One Policy to Run Them All: an End-to-end Learning Approach to Multi-Embodiment Locomotion
Nico Bohlinger, Grzegorz Czechmanowski, Maciej Krupka, Piotr Kicki, Krzysztof Walas, Jan Peters, Davide Tateo
TL;DR
The paper tackles the challenge of learning a single locomotion policy that can control diverse legged robot morphologies. It introduces URMA, a morphology-agnostic encoder-decoder architecture with an attention-based joint/feet description routing and a universal morphology decoder to produce actions for any robot morphology. Through extensive simulation across 16 robots and zero-shot real-world transfers to several quadrupeds, URMA demonstrates robust, transferable locomotion and outperforms morphology-specific baselines. The work also provides theoretical insights into multi-task risk bounds for shared representations and offers an open-source framework that can serve as a foundation for locomotion foundation models and broader control tasks.
Abstract
Deep Reinforcement Learning techniques are achieving state-of-the-art results in robust legged locomotion. While there exists a wide variety of legged platforms such as quadruped, humanoids, and hexapods, the field is still missing a single learning framework that can control all these different embodiments easily and effectively and possibly transfer, zero or few-shot, to unseen robot embodiments. We introduce URMA, the Unified Robot Morphology Architecture, to close this gap.
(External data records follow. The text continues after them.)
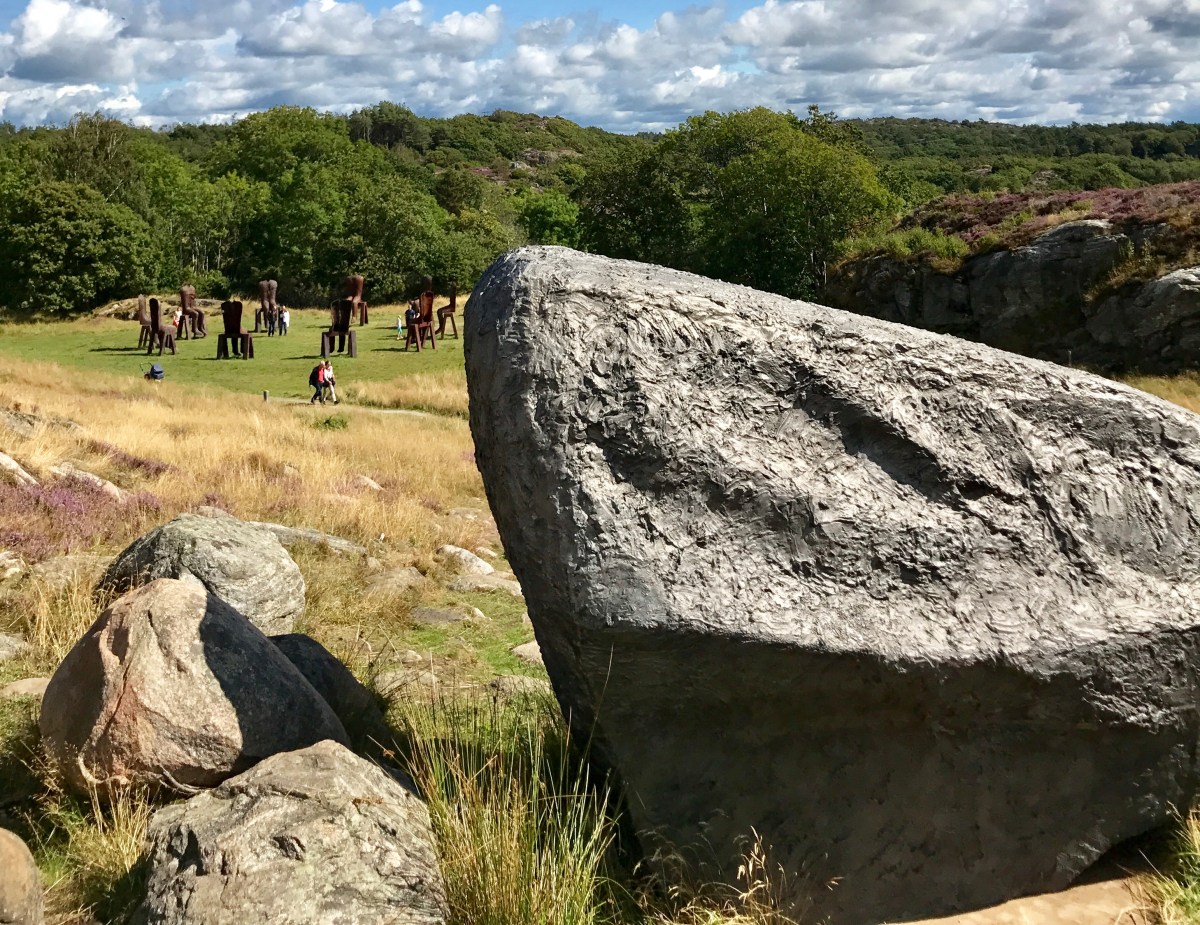 Magdalena Abakanowicz "scull" i Pilane skulpturpark på Tjörn, Bohuslän, Sverige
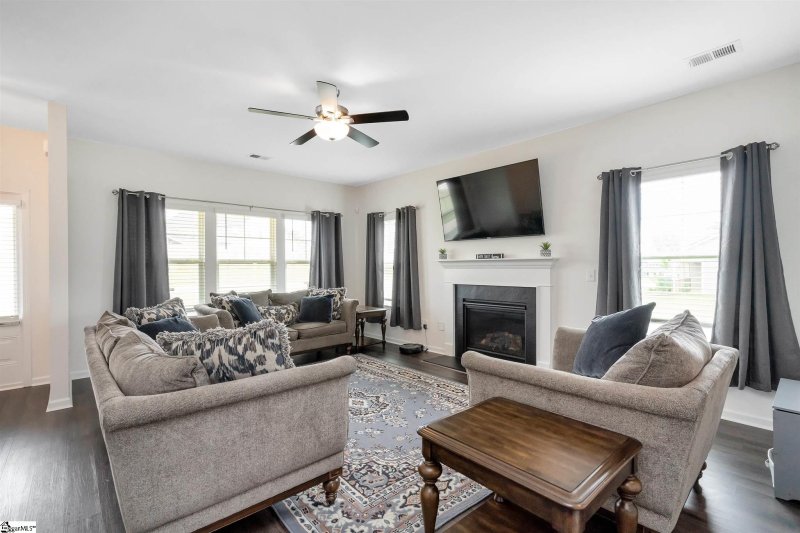 Property image 4 at 424 Majestic View Court, Inman, SC 29349
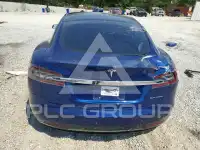 2020 Tesla Model S фото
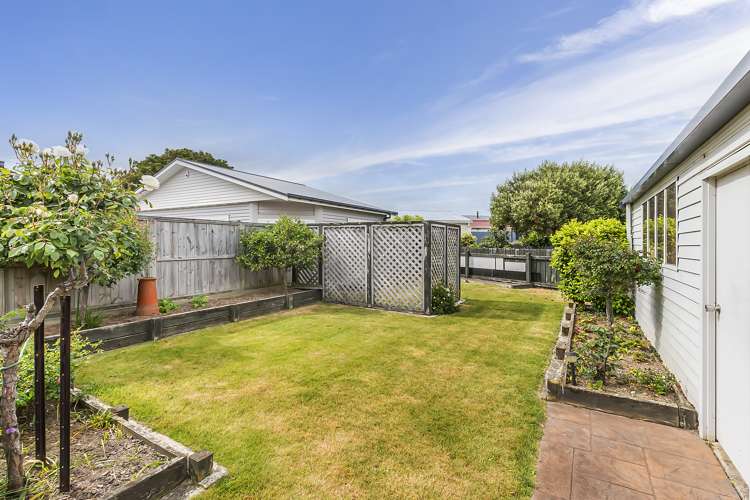 8 Strathavon Road Miramar_15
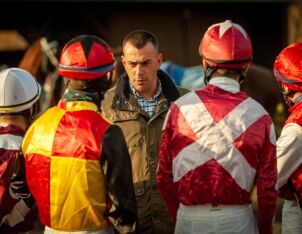 img: Irlandzka córka francuskiego derbisty i dwa araby na derby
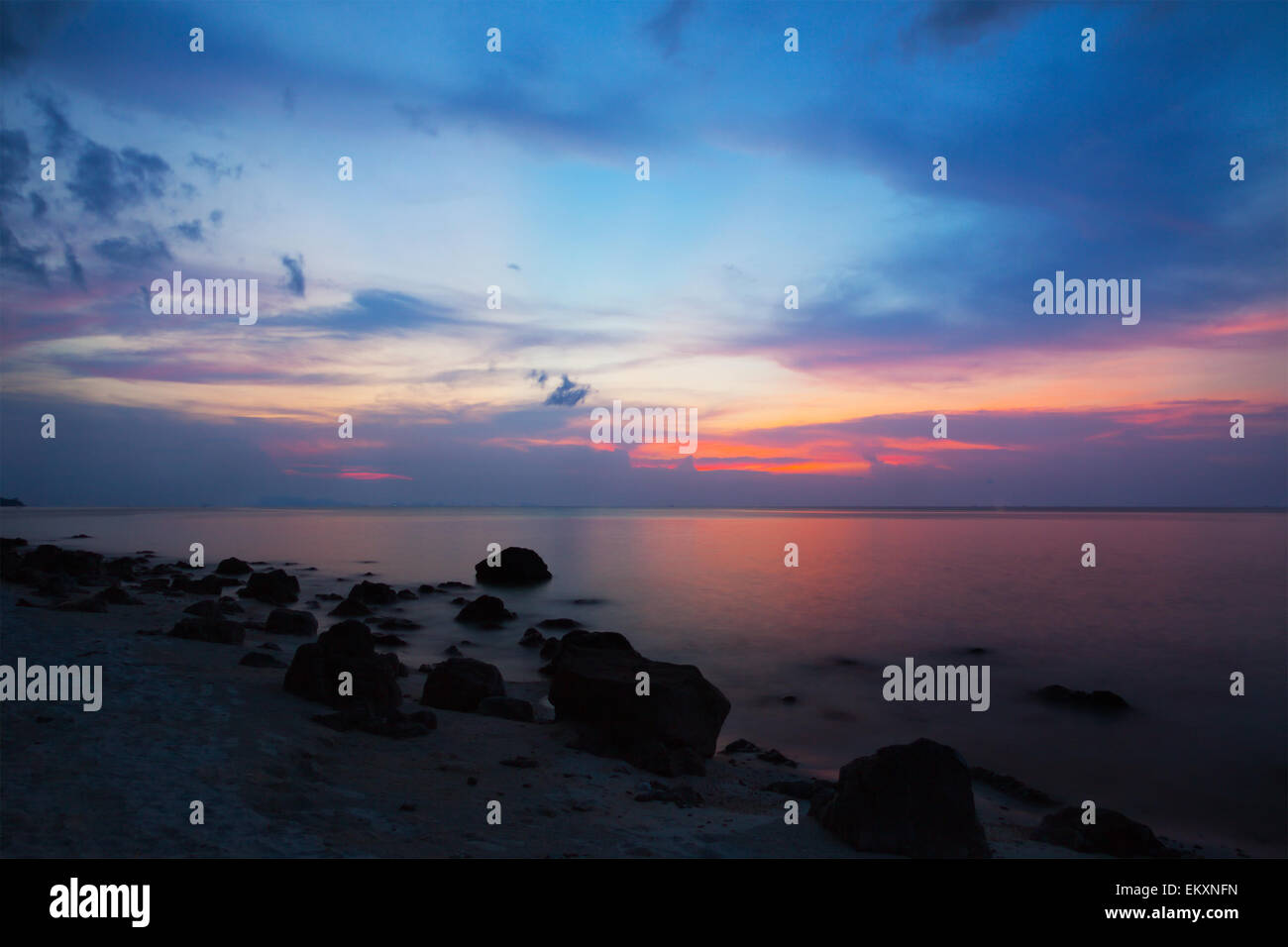 Meer nach Sonnenuntergang Stockfoto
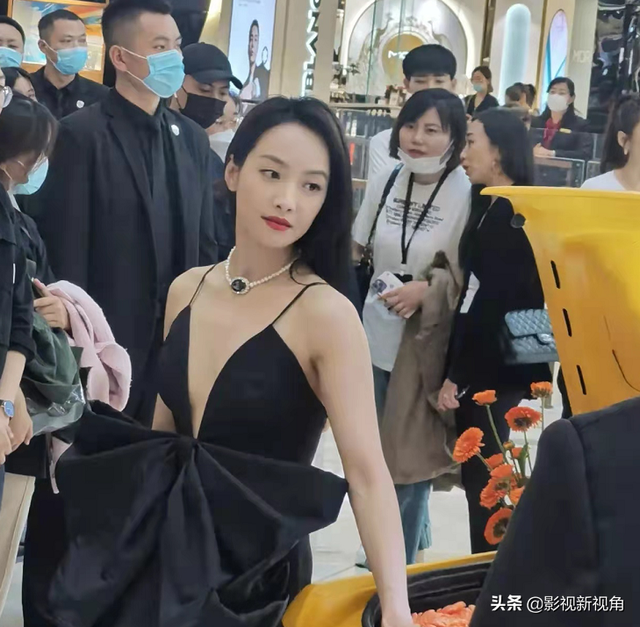 宋茜出席活动被抓拍，路人视角也养眼，18小时被欣赏200万次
Our framework brings the end-to-end Multi-Task Reinforcement Learning approach to the realm of legged robots, enabling the learned policy to control any type of robot morphology. The key idea of our method is to allow the network to learn an abstract locomotion controller that can be seamlessly shared between embodiments thanks to our morphology-agnostic encoders and decoders. This flexible architecture can be seen as a potential first step in building a foundation model for legged robot locomotion. Our experiments show that URMA can learn a locomotion policy on multiple embodiments that can be easily transferred to unseen robot platforms in simulation and the real world.